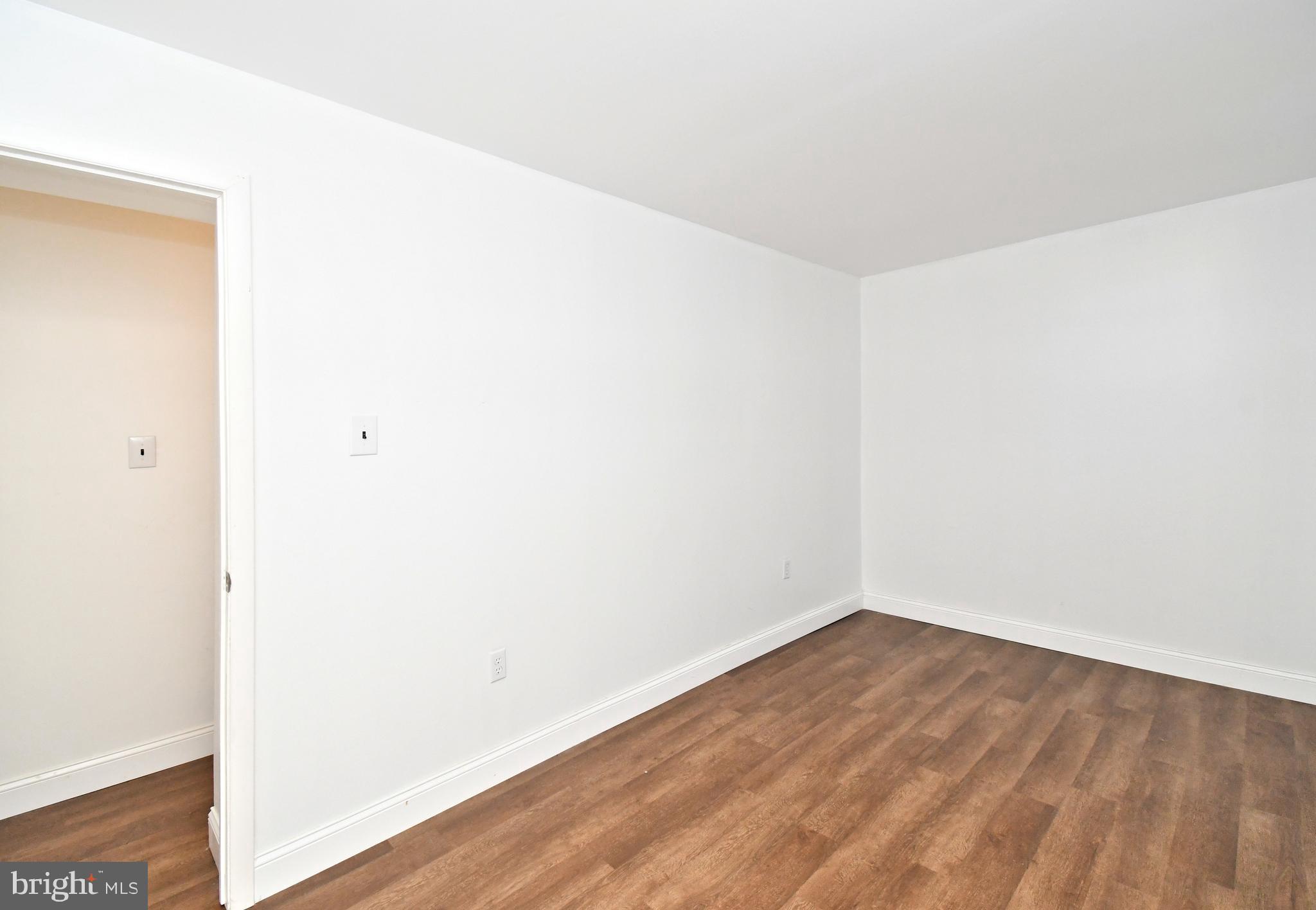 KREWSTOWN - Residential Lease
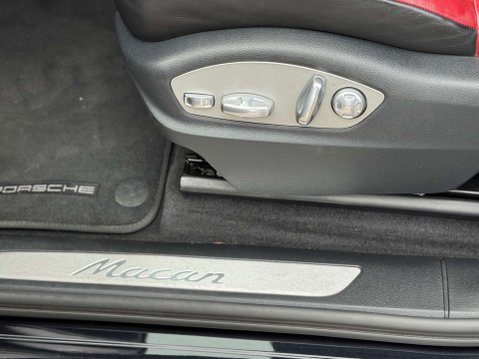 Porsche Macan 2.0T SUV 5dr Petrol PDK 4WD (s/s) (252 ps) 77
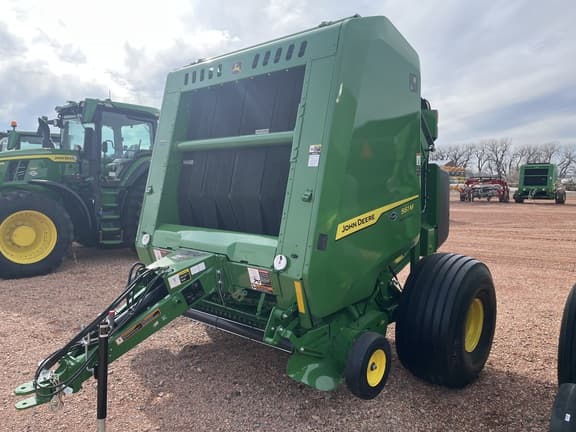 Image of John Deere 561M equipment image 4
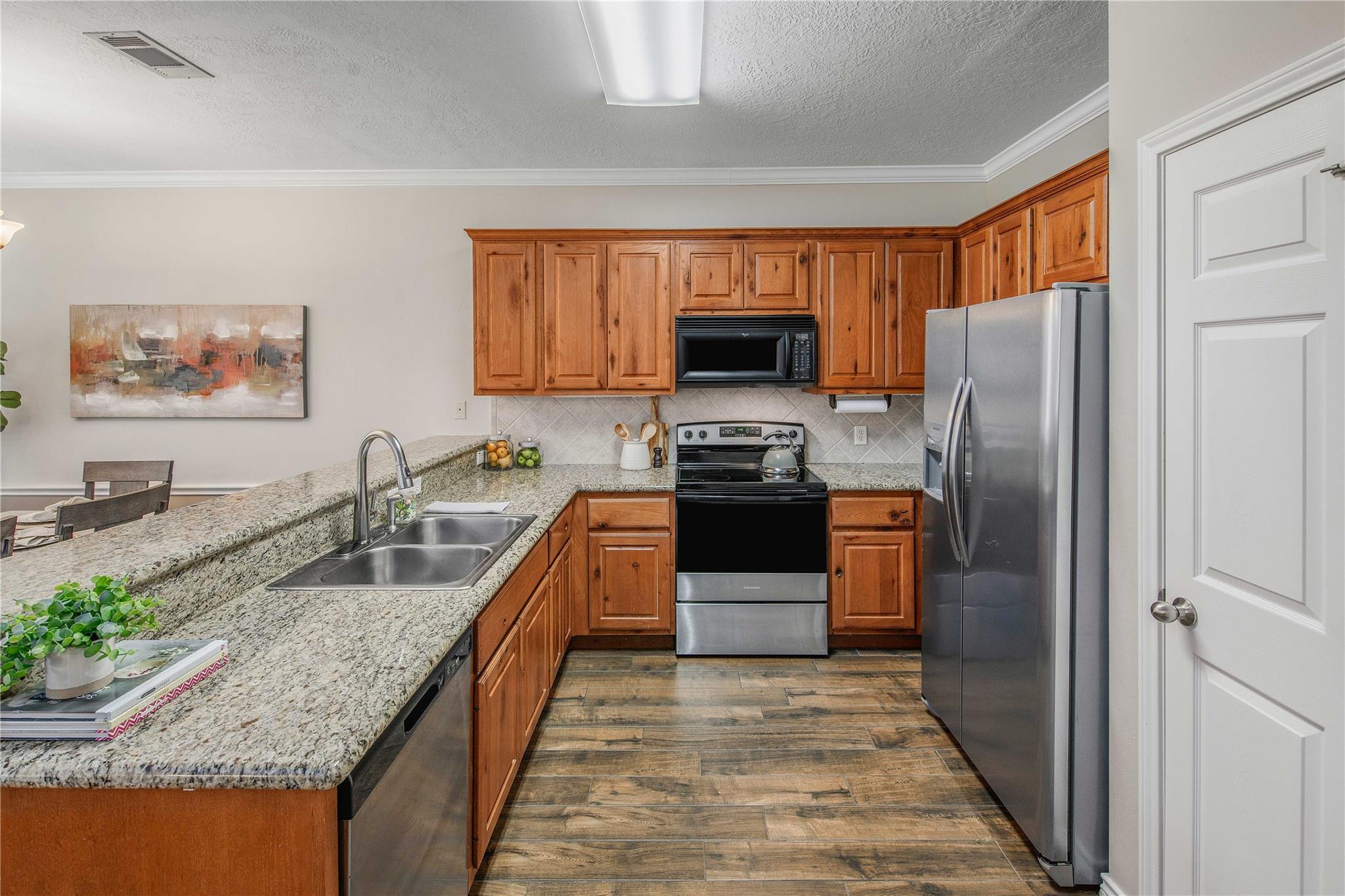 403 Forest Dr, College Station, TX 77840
_ _ _ _
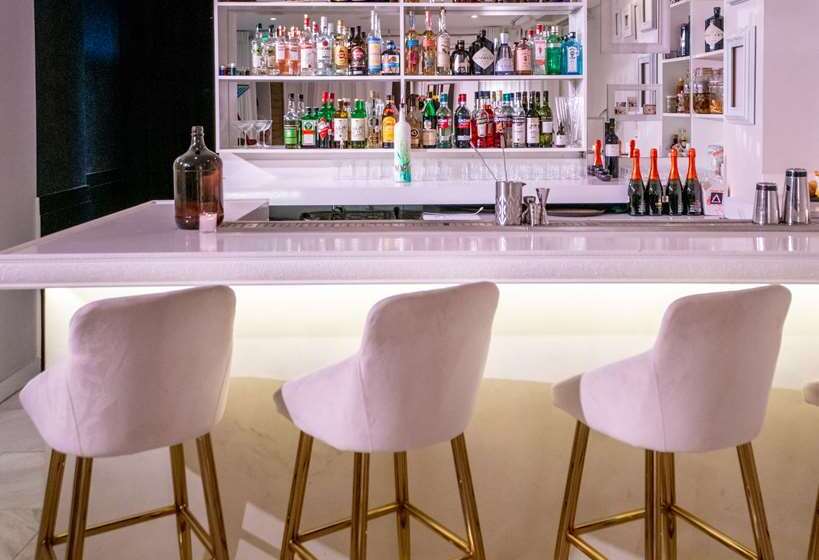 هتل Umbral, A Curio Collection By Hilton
_ _ _ _
### [Assignment]
Exercise for the records above: copy only the lines from the one with "Porsche Macan 2.0T" to the one with "403 Forest Dr, College Station, TX 77840", both ends kept, and drop the pictures.

### [Written solution]
 Porsche Macan 2.0T SUV 5dr Petrol PDK 4WD (s/s) (252 ps) 77
 Image of John Deere 561M equipment image 4
 403 Forest Dr, College Station, TX 77840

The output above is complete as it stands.